Dans une stratégie de couplage via l’extrémité réductrice des chaînes amylacées d’amidon, on se trouve complètement à l’opposé de la stratégie via les extrémités non réductrices. Dans ce cas il y a unicité du site cible pour chaque macromolécule ce qui interdit tout couplage intermoléculaire à quelque étape de la synthèse que ce soit mais aussi, et surtout, une différenciation importante au niveau chimique de l’extrémité réductrice par rapport au reste de

la molécule cible. La fonction hémiacétalique, comme décrite précédemment est équivalente à un aldéhyde masqué ce qui permet d’envisager des réactions spécifiques et par conséquent ciblées. En l’occurrence, ici la voie de synthèse choisie est l’acylglycosylation. Avant de réaliser les modifications sur de l’amidon, des tests ont été effectués sur le modèle du maltose.

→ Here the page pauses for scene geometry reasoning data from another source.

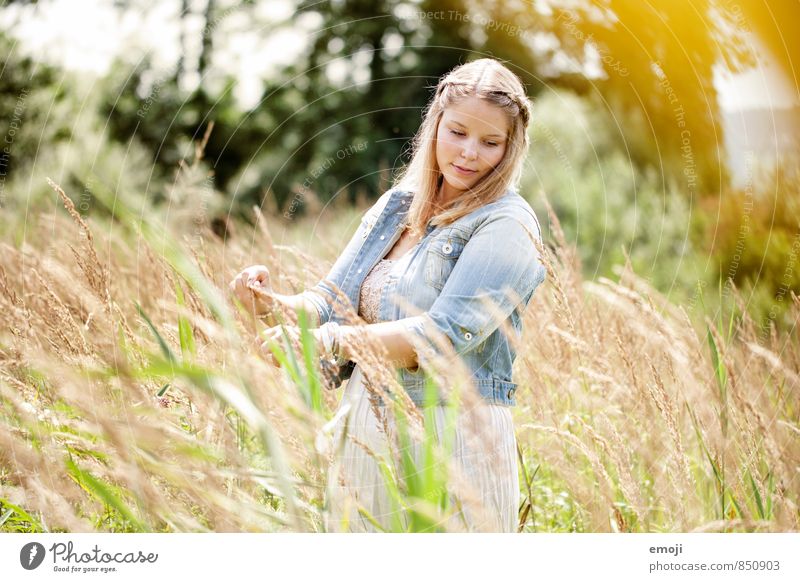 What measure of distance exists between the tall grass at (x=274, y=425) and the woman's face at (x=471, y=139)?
36cm

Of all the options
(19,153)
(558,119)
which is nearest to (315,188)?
(558,119)

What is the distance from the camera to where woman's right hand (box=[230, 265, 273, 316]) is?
169cm

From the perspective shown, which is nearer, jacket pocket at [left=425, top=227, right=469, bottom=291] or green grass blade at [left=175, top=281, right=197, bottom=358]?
green grass blade at [left=175, top=281, right=197, bottom=358]

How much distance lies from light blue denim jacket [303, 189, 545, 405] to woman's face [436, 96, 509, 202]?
9cm

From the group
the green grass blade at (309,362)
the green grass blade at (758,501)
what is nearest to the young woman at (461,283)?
the green grass blade at (309,362)

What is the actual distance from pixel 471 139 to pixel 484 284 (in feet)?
1.17

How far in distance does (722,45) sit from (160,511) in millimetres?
2013

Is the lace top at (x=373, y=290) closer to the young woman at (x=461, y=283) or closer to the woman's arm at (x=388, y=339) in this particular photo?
the young woman at (x=461, y=283)

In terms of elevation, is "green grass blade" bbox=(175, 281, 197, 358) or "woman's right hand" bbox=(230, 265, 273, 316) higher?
"woman's right hand" bbox=(230, 265, 273, 316)

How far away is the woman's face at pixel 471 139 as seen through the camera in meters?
1.71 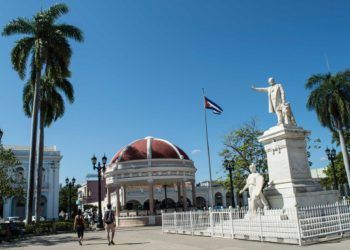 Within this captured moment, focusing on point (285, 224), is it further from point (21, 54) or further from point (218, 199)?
point (218, 199)

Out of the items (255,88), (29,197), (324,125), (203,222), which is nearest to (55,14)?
(29,197)

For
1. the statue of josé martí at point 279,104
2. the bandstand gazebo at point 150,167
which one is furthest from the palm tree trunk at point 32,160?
the statue of josé martí at point 279,104

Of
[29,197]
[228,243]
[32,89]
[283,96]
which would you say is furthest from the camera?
[32,89]

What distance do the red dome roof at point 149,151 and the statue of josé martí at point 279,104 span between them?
18075mm

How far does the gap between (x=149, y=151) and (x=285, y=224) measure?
2256 centimetres

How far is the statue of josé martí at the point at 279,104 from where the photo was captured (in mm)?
16434

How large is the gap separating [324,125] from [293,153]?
889 inches

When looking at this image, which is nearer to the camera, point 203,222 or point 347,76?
point 203,222

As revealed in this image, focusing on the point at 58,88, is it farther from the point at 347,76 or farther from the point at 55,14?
the point at 347,76

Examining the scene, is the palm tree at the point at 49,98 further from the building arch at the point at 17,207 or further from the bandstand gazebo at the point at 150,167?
the building arch at the point at 17,207

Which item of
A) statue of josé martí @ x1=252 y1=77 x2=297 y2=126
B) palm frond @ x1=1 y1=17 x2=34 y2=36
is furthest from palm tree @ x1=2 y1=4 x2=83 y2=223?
statue of josé martí @ x1=252 y1=77 x2=297 y2=126

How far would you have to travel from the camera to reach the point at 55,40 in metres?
28.9

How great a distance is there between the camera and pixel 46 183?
57500 mm

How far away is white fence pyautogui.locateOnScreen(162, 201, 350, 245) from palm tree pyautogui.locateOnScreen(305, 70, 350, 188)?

a) Couplage par acylglycosylation

Le premier exemple qui a été testé était basé sur une réactivité particulière de la fonction hémiacétalique déjà utilisée au laboratoire, dans le cadre du travail de la thèse de S.

Nazabadioko sur la synthèse de saponosides. Au cours de ce travail, le couplage par acylglycosylation d’acides gras sur des oligosaccharides a été réalisé par transfert de phase. La déprotection sélective des acétates avait été effectuée sans rupture de la liaison acylglycoside

[120]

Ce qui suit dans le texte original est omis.